シーホース三河

3連敗中の悪いムードを払拭する会心の勝利

アルバルク東京vsシーホース三河の第1戦、先行したのはホームのA東京だった。セバスチャン・サイズがダバンテ・ガードナーにタフショットを打たせて得点源をシャットアウトすると、攻めてはゴール下付近で強さを発揮し、第1クォーターだけで8得点を挙げる。さらにダブルチームに来られた際には冷静にキックアウトし、ザック・バランスキーの3ポイントシュートを演出。こうしてサイズを起点に主導権を握ったA東京は安藤周人のコーナースリー、テーブス海の緩急を使ったドライブで得点し、第2クォーター開始2分強で11点をリードした。

しかし、三河のライアン・リッチマンヘッドコーチが「アルバルクさんはサイズもあって、身体も強く、第1クォーターは自分たちのやりたいことがやれなかったでしたが、第2クォーター以降はそこのレベルに合わせることができた」と語ったように、ここからディフェンスを締め直し、オフェンスでもボールを散らして攻守でアジャストしていった。

ガードナーがすぐさま3ポイントシュートをお返しすると、西田優大がポストプレーからズレを作り、角野亮伍がコーナースリーを射抜く。ピンチを切り抜けた三河が1点差まで詰めて前半を終えた。後半に入り西田のドライブで逆転すると、ジェイク・レイマンのコースト・トゥ・コーストも決まり、三河が主導権を握る。このクォーターだけで安藤周人に10得点を許し、詰められる場面もあったが、A東京を上回るインテンシティの高いディフェンスでA東京の強みであるインサイドを封じ、さらにゾーンを併用するチェンジングディフェンスも機能して失点を最小限に留めた。攻めてはA東京とは対照的に7人が得点するバランスアタックでリードを保った。

そして、5点リードで最終クォーターを迎えた三河はガードナーがファーストオフェンスで3ポイントシュートを射抜く。A東京は開始30秒でタイムアウトを取り、立て直しを図ろうとしたが、デイニアス・アドマイティスヘッドコーチが「特にオフェンスの遂行力が非常に悪かった」と振り返ったように、三河のタフなディフェンスの前にオフェンスが沈黙し得点が伸び悩んだ。

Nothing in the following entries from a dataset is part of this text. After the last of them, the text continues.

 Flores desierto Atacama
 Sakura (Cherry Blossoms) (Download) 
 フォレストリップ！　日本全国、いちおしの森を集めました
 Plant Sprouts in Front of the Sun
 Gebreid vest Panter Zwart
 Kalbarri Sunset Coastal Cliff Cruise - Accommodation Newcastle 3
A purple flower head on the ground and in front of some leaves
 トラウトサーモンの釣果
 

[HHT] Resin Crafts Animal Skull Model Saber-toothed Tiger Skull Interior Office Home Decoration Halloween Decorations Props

こうしてディフェンスからリズムをつかんだ三河は長野誠史がタフなプルアップスリーを沈めると、残り約5分には角野もコーナースリーを決めてリードを2桁に乗せる。残り4分を切った場面には、A東京のローテーションミスを突き、レイマンがディープスリーを射抜いた。13点のビハインドを背負ったA東京は最後のタイムアウトを取ったが、最後まで流れを変えられずに、57-69で敗れた。

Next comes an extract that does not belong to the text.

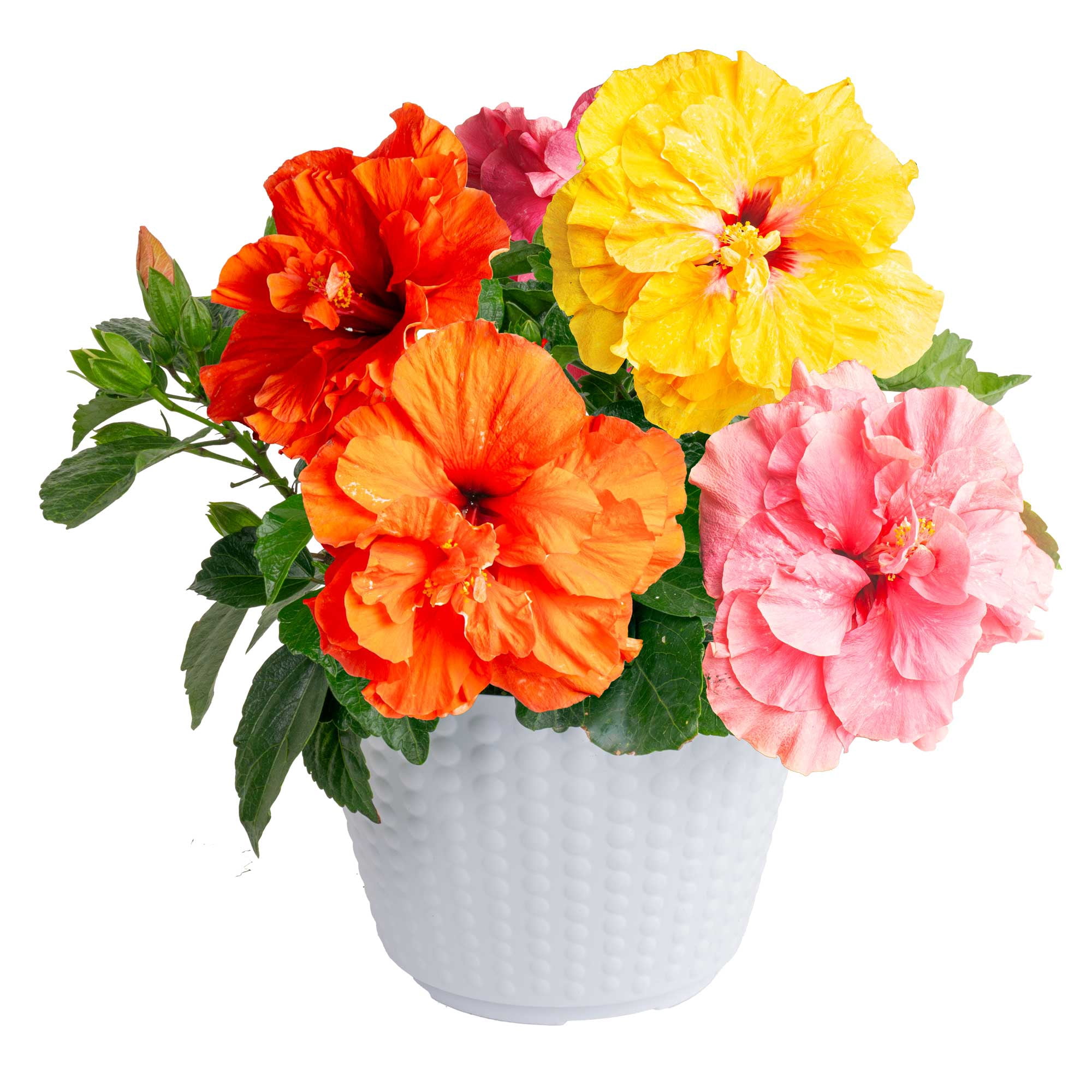 BloomSelect 18" Hibiscus Adonicus Live Outdoor Plant in 3QT Decor Pot (Orange, Yellow, Pink)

A東京は今シーズン最少得点で敗れたが、アドマイティスヘッドコーチは「三河さんは笛が吹かれないギリギリのところで非常にフィジカルにプレーしてきました。そこで我々のオフェンスが狂ったと思います」と、三河の強度の高さに面食らったことを認めた。そして「フィジカル面で負けず、もっとオフェンスでボールをシェアしてアタックし、相手のディフェンスにローテーションさせること。ここを修正して明日に臨みたい」と第2戦に向けて意気込んだ。

一方、三河のリッチマンヘッドコーチは「彼らの強みであるセカンドチャンス、そしてペイントのスコアをしっかりと止めることができたました。自分たちのやるべきことができて、それが結果に繋がった試合だったという風に思っています」と選手たちの遂行力を称えた。

上位陣との対戦が続いたこともあり、3連敗中とチャンピオンシップ出場へ失速していた三河だったが、その悪いムードを吹き飛ばす会心の勝利となった。